Right now this will only work for Kubernetes deployments, right? No support for local service swap etc? What'll happen in local?
Summary
Closes ALIEN-59. Manager-driven agent self-update on Kubernetes, plus the two production-hardening fixes that came out of live e2e.
Feature
agent_upgradeloop inalien-agentconsumesagent_target.helmon/v1/syncand spawns a Helm-runner Job that runshelm upgrade --reuse-values --set runtime.image.tag=<target>under analien-agent-upgraderServiceAccount.alien-helmchart guardrails —required management.{url,name,token,deploymentId},/livez+/readyzprobes, Recreate strategy, namespace-scoped upgrader Role/Binding,upgrader.enabledopt-out.agent_version/agent_os/agent_arch/regime/agent_image_repository; K8s worker transport set tolocal; K8s ServiceAccount controller is skipped (chart owns it).alien-managerexposesPUT /v1/deployments/:id/target-agent-version;build_agent_targetemitsagent_target.helmwhen target ≠ reported and regime = kubernetes.Production hardening (would silently break otherwise; both found via live e2e)

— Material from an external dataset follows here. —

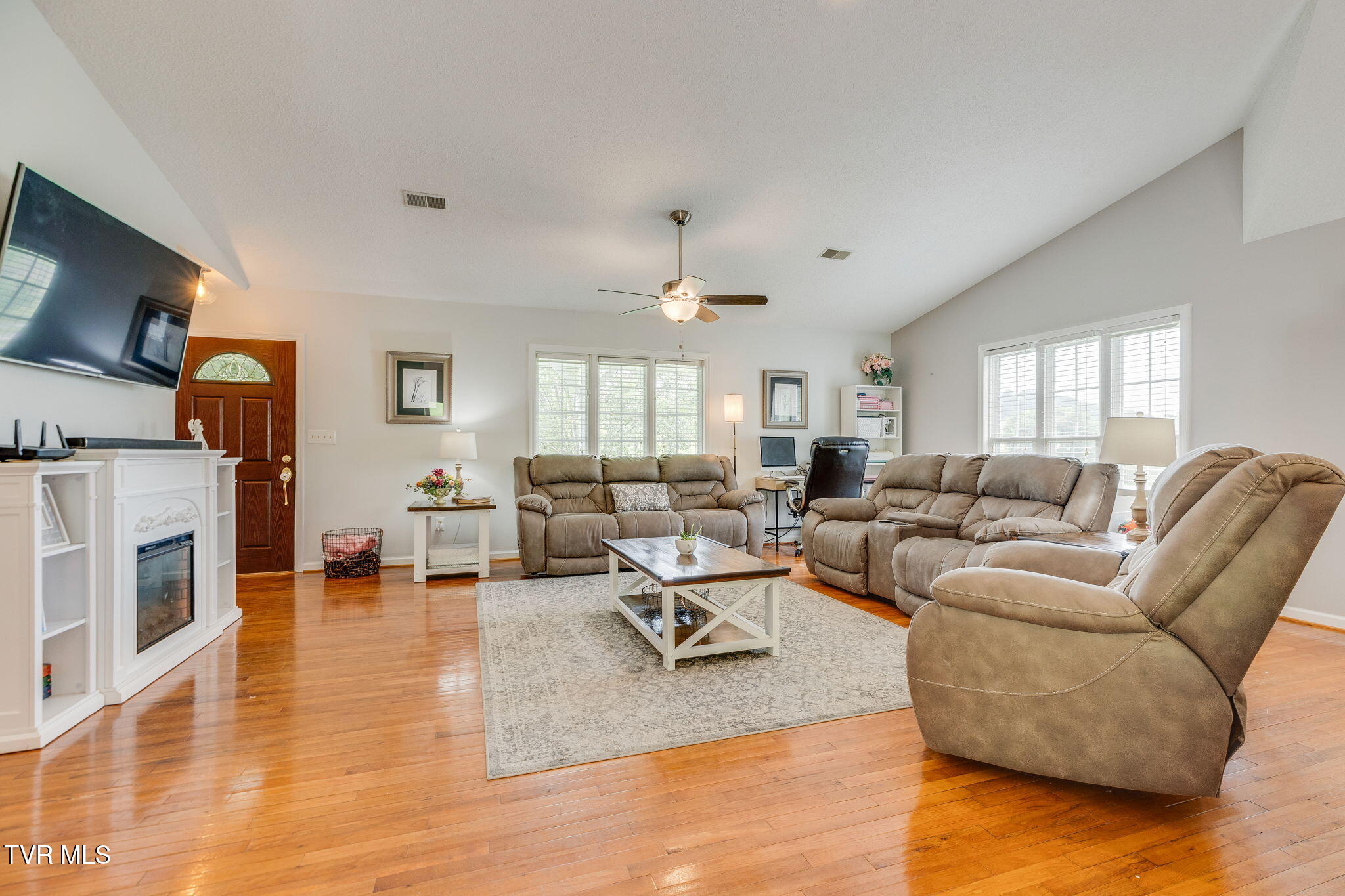 5394 Dishner Valley Road Bristol, VA 24202 - Photo 7 of 41 007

fix(helm): enable agent runtime-data persistence by default— without a PVC, the self-update's pod roll wipes the agent'sdeployment_id/sync token, the new pod hits 409 from initialize, CrashLoopBackOffs, and helm--atomicrolls back. Documented opt-out.feat(agent,manager): /v1/rejoin endpoint— for the case where persistence is genuinely off (or the state directory is wiped for any other reason), the agent's initialize-409 falls through to a newPOST /v1/rejointhat re-acquires a deployment-scoped sync token over the existing row. NewRouterOptions::include_rejoin+skip_rejoin()builder lets multi-tenant embedders override, same pattern as/v1/initialize.fix(agent): preserve 409 from initialize so rejoin fall-through fires— the agent's.context(ConfigurationError)was clobbering the SDK's real 409 with a hardcoded 500. NewDeploymentNameAlreadyExistsvariant (409) lets the conflict surface so the rejoin branch actually triggers.Paired platform-side PR: https://github.com/alienplatform/platform/pull/new/yonatan/alien-59-self-update-for-the-alien-agent-across-all-pull-mode-2
Test plan
cargo test -p alien-agent -p alien-core -p alien-deployment -p alien-helm -p alien-manager --libagent_target→ helm-upgrade Job rolls the agent pod → PVC keepsdeployment_id→ new agent reports the new versionkubectl exec rm -rf /var/lib/alien-agent/*+ bounce pod → agent logsName already exists — assuming local state was wiped, rejoining…→ recovers the originaldeployment_idand stays runningclient-sdks/platform/rust/openapi*.jsonkept ours during the main merge to preserve the rejoin/target-agent-version schemas; main's addedManagerDomainBinding*+PackageDomainschemas in those files were dropped (they were generated from a private platform branch). Next platform-side openapi regen will bring them back.